▶ [EXTRACTED RECORDS]:

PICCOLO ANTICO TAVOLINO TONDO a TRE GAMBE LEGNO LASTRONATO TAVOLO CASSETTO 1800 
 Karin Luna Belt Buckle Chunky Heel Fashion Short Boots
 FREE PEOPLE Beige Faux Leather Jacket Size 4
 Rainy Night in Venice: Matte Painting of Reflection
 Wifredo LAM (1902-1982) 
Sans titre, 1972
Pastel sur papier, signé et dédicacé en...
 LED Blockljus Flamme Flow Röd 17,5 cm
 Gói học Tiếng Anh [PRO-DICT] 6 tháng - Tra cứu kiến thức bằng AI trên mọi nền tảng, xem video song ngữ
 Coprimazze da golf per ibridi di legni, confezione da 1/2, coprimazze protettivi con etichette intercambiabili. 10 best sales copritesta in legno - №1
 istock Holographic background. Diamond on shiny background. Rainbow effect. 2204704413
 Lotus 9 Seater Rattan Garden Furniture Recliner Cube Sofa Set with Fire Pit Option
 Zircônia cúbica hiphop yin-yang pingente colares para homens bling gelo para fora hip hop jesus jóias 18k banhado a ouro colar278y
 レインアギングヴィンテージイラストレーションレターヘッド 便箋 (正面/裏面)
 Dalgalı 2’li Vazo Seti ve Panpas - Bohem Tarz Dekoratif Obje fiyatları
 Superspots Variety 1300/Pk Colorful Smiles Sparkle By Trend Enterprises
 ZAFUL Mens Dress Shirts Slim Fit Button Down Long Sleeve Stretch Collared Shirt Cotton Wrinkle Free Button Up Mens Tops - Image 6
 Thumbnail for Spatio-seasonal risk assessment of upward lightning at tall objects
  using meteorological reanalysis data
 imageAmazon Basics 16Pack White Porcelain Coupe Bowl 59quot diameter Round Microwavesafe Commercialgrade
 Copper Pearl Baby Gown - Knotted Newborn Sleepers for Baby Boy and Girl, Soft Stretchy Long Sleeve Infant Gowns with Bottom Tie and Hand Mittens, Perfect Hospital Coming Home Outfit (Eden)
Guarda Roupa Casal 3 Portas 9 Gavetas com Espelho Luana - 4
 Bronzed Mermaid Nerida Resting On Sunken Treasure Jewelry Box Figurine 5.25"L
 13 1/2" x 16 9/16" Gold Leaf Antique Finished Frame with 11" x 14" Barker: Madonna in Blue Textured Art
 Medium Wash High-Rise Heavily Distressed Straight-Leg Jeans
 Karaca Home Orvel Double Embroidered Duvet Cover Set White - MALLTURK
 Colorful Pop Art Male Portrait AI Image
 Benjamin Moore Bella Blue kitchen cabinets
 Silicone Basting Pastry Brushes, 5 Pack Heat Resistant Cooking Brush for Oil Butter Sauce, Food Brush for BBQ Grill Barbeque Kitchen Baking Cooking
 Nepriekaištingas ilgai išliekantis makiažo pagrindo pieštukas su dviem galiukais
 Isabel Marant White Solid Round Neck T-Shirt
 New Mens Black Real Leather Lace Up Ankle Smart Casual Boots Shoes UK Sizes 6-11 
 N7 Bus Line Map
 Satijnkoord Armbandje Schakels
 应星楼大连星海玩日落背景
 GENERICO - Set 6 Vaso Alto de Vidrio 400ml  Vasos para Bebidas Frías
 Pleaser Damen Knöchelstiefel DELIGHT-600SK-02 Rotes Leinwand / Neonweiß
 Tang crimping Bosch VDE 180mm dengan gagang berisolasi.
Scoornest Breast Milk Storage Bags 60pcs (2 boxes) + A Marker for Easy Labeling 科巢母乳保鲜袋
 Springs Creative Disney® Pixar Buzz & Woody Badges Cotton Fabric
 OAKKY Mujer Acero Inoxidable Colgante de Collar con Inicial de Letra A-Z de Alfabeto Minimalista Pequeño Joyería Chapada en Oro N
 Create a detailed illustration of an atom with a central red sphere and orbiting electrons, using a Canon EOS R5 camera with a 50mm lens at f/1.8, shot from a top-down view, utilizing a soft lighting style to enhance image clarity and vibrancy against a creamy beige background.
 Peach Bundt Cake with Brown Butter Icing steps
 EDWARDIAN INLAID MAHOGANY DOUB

▶ [EXERCISE]:
From the data above, output exactly the lines between the one containing "Isabel Marant White Solid Round Neck T-Shirt" and the one containing "Springs Creative Disney®", counting both of them.

▶ [THE COMPLETED TASK]:
 Isabel Marant White Solid Round Neck T-Shirt
 New Mens Black Real Leather Lace Up Ankle Smart Casual Boots Shoes UK Sizes 6-11 
 N7 Bus Line Map
 Satijnkoord Armbandje Schakels
 应星楼大连星海玩日落背景
 GENERICO - Set 6 Vaso Alto de Vidrio 400ml  Vasos para Bebidas Frías
 Pleaser Damen Knöchelstiefel DELIGHT-600SK-02 Rotes Leinwand / Neonweiß
 Tang crimping Bosch VDE 180mm dengan gagang berisolasi.
Scoornest Breast Milk Storage Bags 60pcs (2 boxes) + A Marker for Easy Labeling 科巢母乳保鲜袋
 Springs Creative Disney® Pixar Buzz & Woody Badges Cotton Fabric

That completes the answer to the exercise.